Yes and no. Definitely hoping for the collapse. If it does enough good for the environment and the human population collapses to fewer than the 200 million or so that the earth can support, then the trillions of future humans who could potentially live over the next 3-4 million years of our species' life will have much better lives, not to mention all other species that will benefit. There is more at stake than just the people alive now.

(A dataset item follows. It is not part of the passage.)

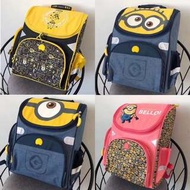 🔺DELSEY minion backpack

But no, I'm not betting on being prepared enough to survive while billions die. I'm 76 and don't have all that long to live anyway, but my small farm does give others, including friends and family perhaps, a better chance of survival than most. Individuals are less important than creating places that can help people thrive without industrial civilization. Except for the very young, prepping is about creating resilient and fruitful places for those that come after us. Everyone alive now is going to be dead within a century at the most anyway. That's not a long time, but properly managed fertile soil is forever.

Humans are always going to be part of nature, but bad luck (fossil fuels) and human nature have allowed our population and material impact to grow all out of proportion to the nature we are part of. The faster we can diminish our impact the better.

I'd be all for MCB and other geoengineering methods of cooling the earth if any of it could be done by a non-industrial civilization. I doubt that they can, so things like MCB presume a continuation of outsize human impact from industrialism and that's a pretty big cost of action. I do admit it's far less cost than most other aspects of modernity, like industrial agriculture, for example, which has extreme ecological costs.

PS I didn't realize I had a profile or even an account on Substack. Must be from several years ago. The profile is still accurate, though.